TASK INSTRUCTIONS:
Each line below is to be repeated exactly; any picture is to be left out.

Stored items from a collection:
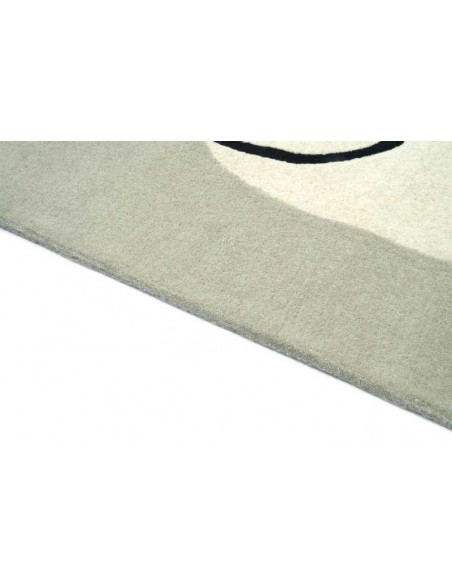 Tappeto moderno Leia Beige - Collezione Hand Made - Carpet Decor - India - 40% viscosa 60% lana - 160x230, 200x300 cm - spessore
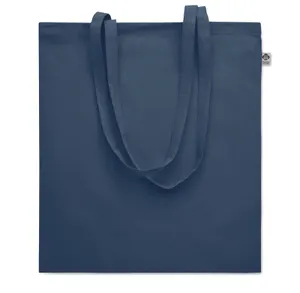 Sac shopping coton organique personnalisé | Blue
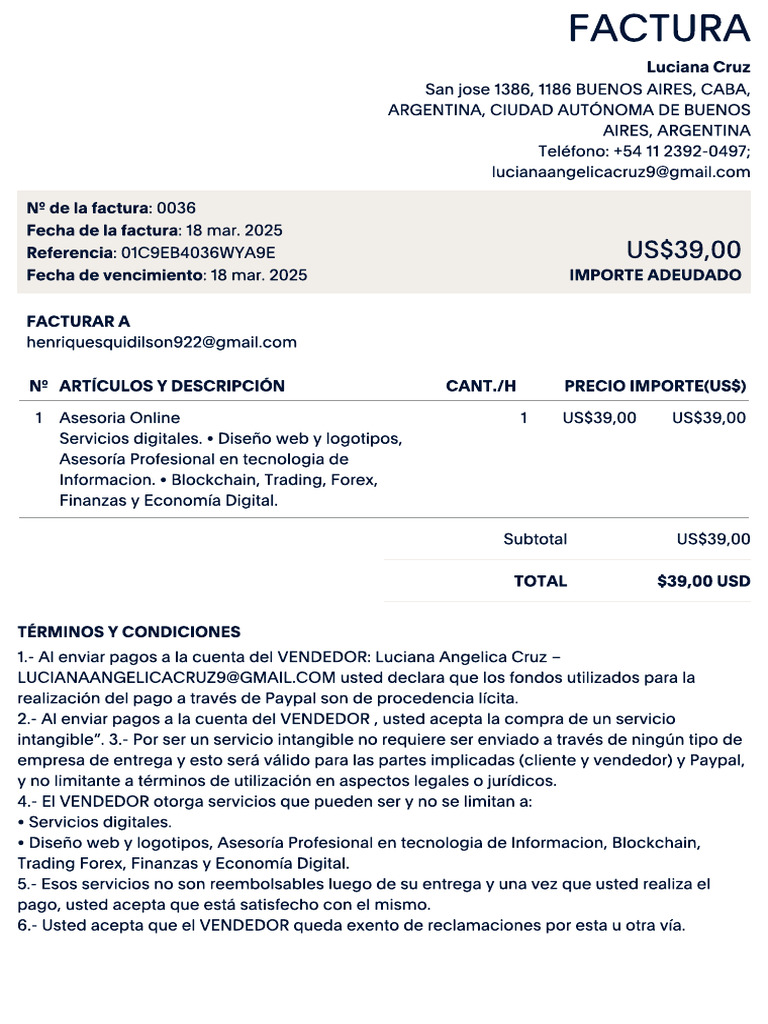 Invoice - 0036 | PDF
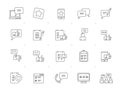 Line Customer, Management and Feedback Icons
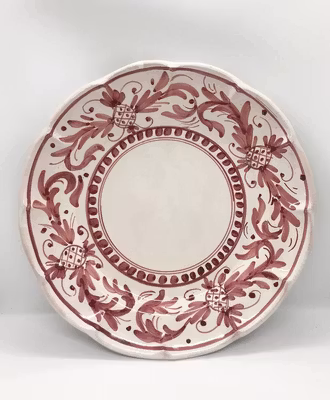 Positano djup tallrik 23 cm, röd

EXPECTED ANSWER:
 Tappeto moderno Leia Beige - Collezione Hand Made - Carpet Decor - India - 40% viscosa 60% lana - 160x230, 200x300 cm - spessore
 Sac shopping coton organique personnalisé | Blue
 Invoice - 0036 | PDF
 Line Customer, Management and Feedback Icons
 Positano djup tallrik 23 cm, röd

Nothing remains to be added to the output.